Running. Also tiring. This training for a half marathon deal is ROUGH. Not that I thought it would be easy – of course I knew it would be physically challenging and I love that. I just somehow forgot to factor in how much time it would take. Time that (see ‘work’) I don’t have. Tuesdays, Wednesdays and Thursdays are currently 4 and 5 mile runs. Those take about an hour (yes I am that slow. I’m right around a 12:30 mile and I’m totally fine with it.) Then there’s the hour of spinning on either Sunday or Monday (to burn an extra 500 calories of fat because I figure the less I weigh, the less I have to drag 13.1 miles). And then there’s the ‘long run’ on Saturday which is, right now, 8 miles and takes a little over 90 minutes. That’s 6 or 7 hours each week – which is a lot of time when I already feel like I can’t keep up with daily tasks.
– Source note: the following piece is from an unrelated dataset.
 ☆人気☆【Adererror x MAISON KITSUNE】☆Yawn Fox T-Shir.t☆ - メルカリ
On top of that, my legs constantly hurt and I can’t drink as much as I normally would because I have to be all ‘hydrated’ and ‘not hungover’ for this running business. I miss you, French 75. I will see you in May.
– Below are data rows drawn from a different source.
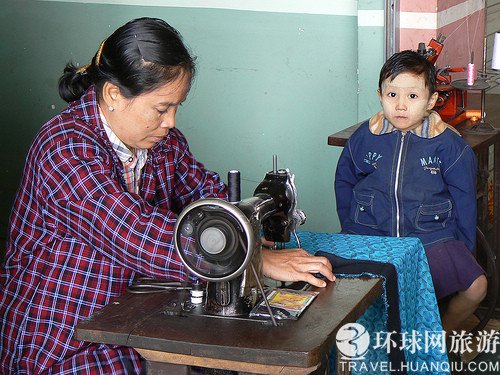 缅甸人口特征_特色民风 缅甸人当众脱裙子毫不尴尬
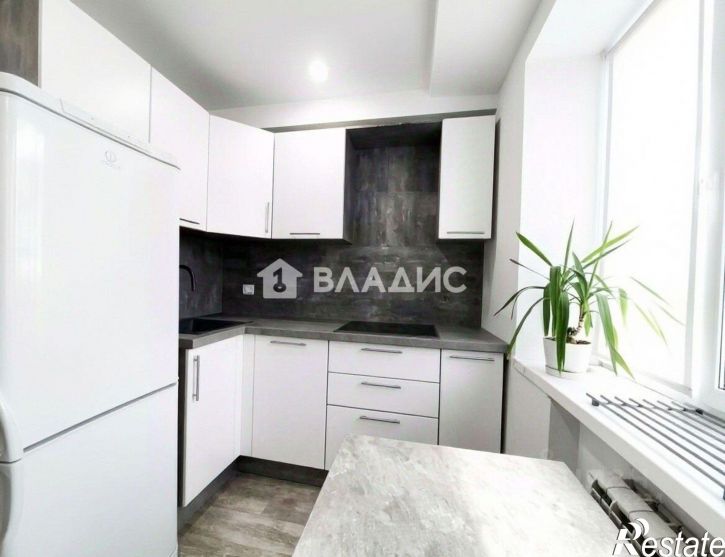 4-комн квартира ул Хиросимы, 13,  д. 13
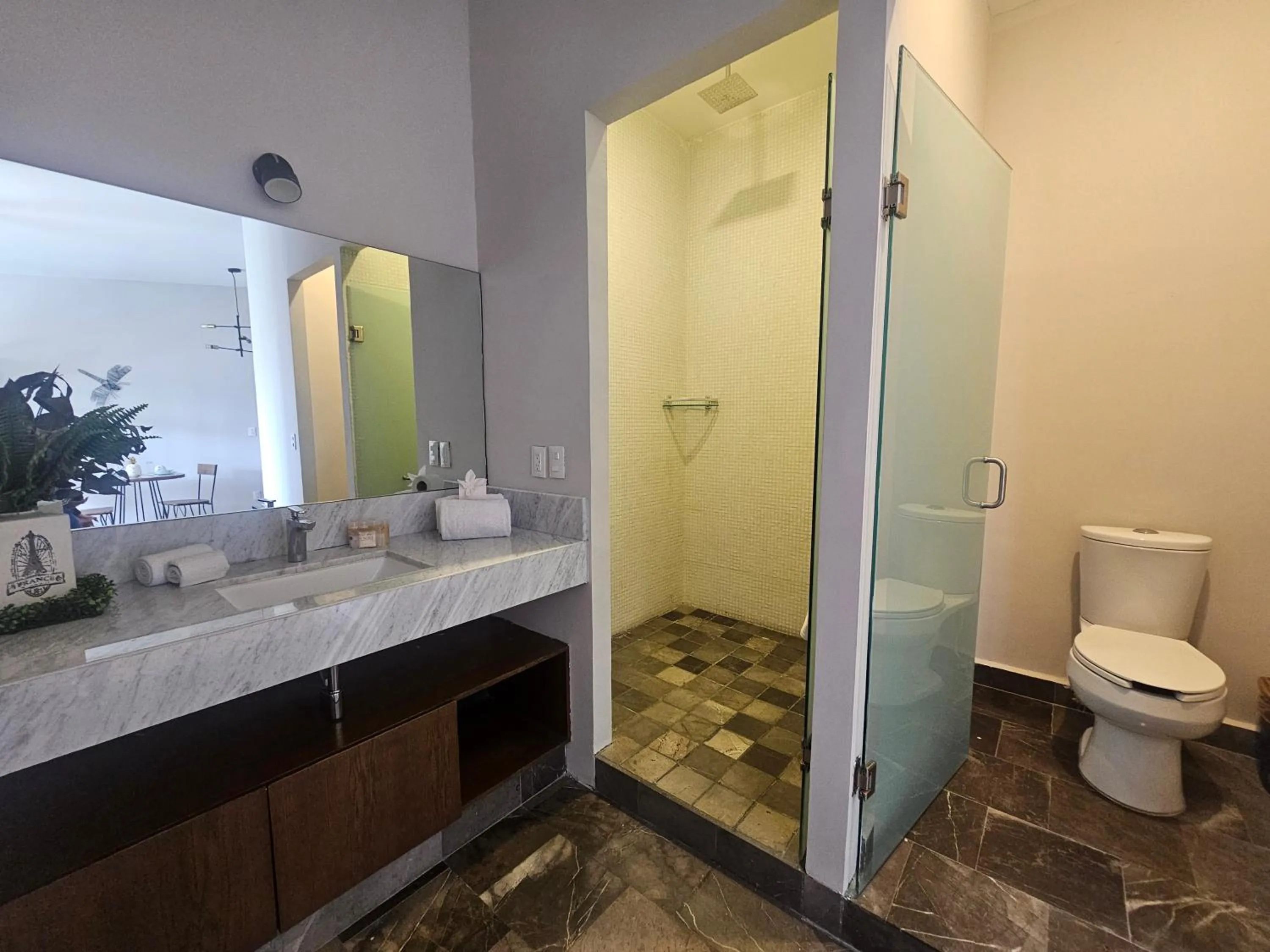 Shower in Close To You By Residence L´Heritage BlueBay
The house. Oh dear god when will the DIY projects end?? Why can’t I finish anything completely before starting the next hair-brained project? The master bedroom walls need finishing, the master bath needs 2 tiny paint touch ups and the door needs painting, I still have trim left to put up in the living room and kitchen, and don’t even get me started on the guest room and guest bath. I have a thousand photos ready and lots of blog post ideas in my head for all of that, don’t worry. I just need time to get it all done.
I guess the good news is that, now that the weather’s a bit nicer, I’m starting to cheer up. Work is a bit slower this week and I’m not quite as exhausted as I usually am – I even found 2 hours this evening to do laundry and clean the kitchen and I’m feeling pretty good. Time to make some lists and try to ‘purge’ all the useless stuff (and maybe outsource some of the cleaning? Maaaybe?) and prioritize ‘me’ a bit over the family or the house or being responsible. I think I’ll try being reckless for a few days and see what trouble we can get into. You were once wild here – don’t let them tame you.